A conical surface may contain a certain portion $ \Omega$ of the space $ \mathbb{R}^3$. This portion is called solid angle or space angle. If the conical surface contains a portion $ A$ of a spherical surface with radius $ R$ and with centre $ P$ in the vertex of the solid angle, then the magnitude of the solid angle is given by

$\displaystyle \Omega = \frac{A}{R^2}$
which is independent on the radius $ R$. The spherical surface can be replaced by any surface $ a$, through which all the half-lines originating from $ P$ and being contained in the solid angle go. Then the solid angle may be computed from the surface integral
$\displaystyle \Omega = -\int_a \vec{da}\cdot\nabla\frac{1}{r},$ (1)

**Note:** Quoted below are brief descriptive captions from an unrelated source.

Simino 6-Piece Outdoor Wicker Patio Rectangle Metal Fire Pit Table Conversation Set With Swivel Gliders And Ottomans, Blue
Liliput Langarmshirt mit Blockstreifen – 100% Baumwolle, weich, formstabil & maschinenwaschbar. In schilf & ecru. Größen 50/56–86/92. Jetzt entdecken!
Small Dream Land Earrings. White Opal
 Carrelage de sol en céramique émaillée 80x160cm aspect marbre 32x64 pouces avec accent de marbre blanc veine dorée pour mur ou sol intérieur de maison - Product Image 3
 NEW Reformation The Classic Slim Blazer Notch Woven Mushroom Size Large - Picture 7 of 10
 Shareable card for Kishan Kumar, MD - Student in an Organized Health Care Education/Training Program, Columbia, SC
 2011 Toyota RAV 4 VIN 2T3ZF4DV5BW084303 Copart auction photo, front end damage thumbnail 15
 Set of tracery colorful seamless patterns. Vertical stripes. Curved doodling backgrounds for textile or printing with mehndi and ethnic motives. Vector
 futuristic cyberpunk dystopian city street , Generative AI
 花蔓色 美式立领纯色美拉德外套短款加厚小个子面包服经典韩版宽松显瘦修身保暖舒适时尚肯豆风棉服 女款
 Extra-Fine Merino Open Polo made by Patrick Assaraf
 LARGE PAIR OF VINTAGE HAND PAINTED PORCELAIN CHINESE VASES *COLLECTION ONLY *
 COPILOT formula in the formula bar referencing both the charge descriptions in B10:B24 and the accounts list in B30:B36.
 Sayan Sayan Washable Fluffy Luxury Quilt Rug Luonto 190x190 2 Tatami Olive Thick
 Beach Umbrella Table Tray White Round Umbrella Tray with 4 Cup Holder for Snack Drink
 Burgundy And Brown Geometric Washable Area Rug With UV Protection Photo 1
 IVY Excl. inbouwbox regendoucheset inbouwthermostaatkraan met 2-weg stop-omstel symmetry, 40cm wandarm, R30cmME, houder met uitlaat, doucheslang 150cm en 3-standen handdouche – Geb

where $ r$ is the length of the position vector $ \vec{r}$ for the points on the surface $ a$. The full solid angle, consisting of all points of $ \mathbb{R}^3$, has the magnitude $ 4\pi$.

The SI unit of solid angle, analogous to the angle unit radian, is the steradian ( $ = 1\;$sr). The steradian takes a proportion $ \frac{1}{4\pi}$, or approximately 7.957747 %, of the surface area of a sphere.

Example 1. The solid angle determined by a right circular cone with the angle $ \alpha$ between its axis and side line is equal to $ 2\pi(1\!-\cos\alpha)$, i.e. $ \displaystyle 4\pi\sin^2{\frac{\alpha}{2}}$.

Example 2. Let $ \vec{r_1},\,\vec{r_2},\,\vec{r_3}$ be the position vectors of three points in $ \mathbb{R}^3$ and $ r_1,\,r_2,\,r_3$ their lengths. Then the solid angle $ \Omega$ of the tetrahedron spanned by the vectors $ \vec{r_i}$ is obtained from the equation

$\displaystyle \tan{\frac{\Omega}{2}} = \frac{(\vec{r_1}\vec{r_2}\vec{r_3})} {\v... ...}r_3+\vec{r_2}\!\cdot\!\vec{r_3}r_1+ \vec{r_3}\!\cdot\!\vec{r_1}r_2+r_1r_2r_3},$ (2)

where the numerator of the right hand side is the triple scalar product of the vectors; the result is due to A. van Oosterom and J. Strackee 1983.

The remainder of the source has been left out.